In the material below, the lines between the one holding "Thanks A Latte" and the one holding "Tende vidaxl blackout", inclusive, are to be set down word for word. Pictures stay out.

SOURCE RECORDS —

▼

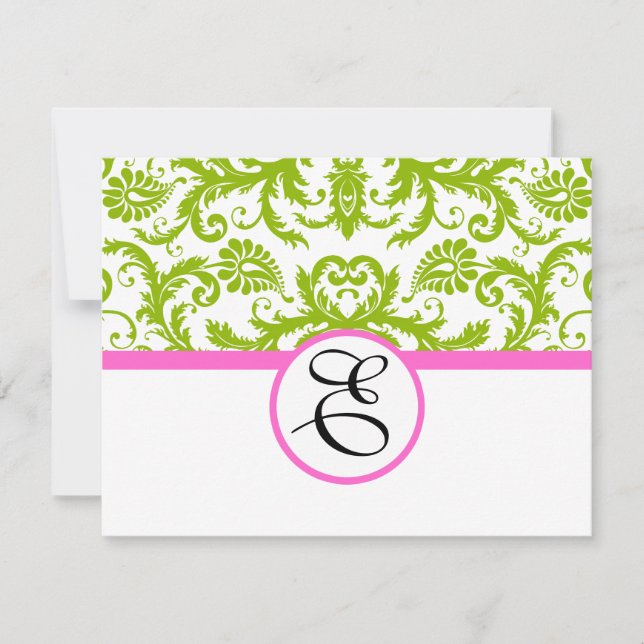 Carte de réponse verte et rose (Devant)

▲
▼

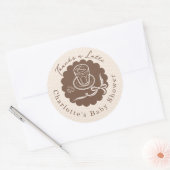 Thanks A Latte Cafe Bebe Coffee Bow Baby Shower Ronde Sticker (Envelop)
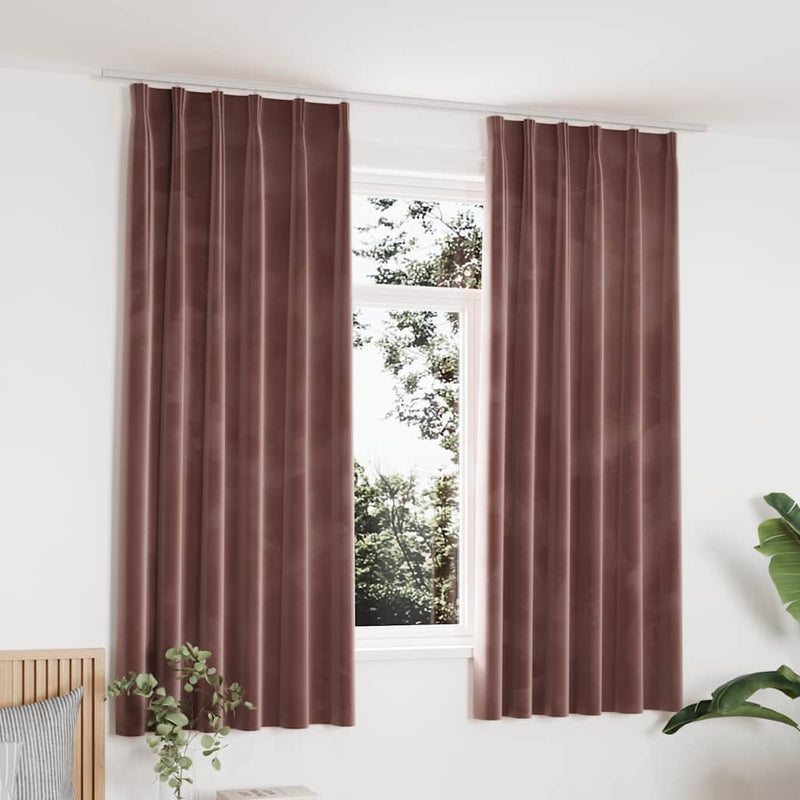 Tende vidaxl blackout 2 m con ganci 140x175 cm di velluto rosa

▲

RESPONSE AREA —
 Thanks A Latte Cafe Bebe Coffee Bow Baby Shower Ronde Sticker (Envelop)
 Tende vidaxl blackout 2 m con ganci 140x175 cm di velluto rosa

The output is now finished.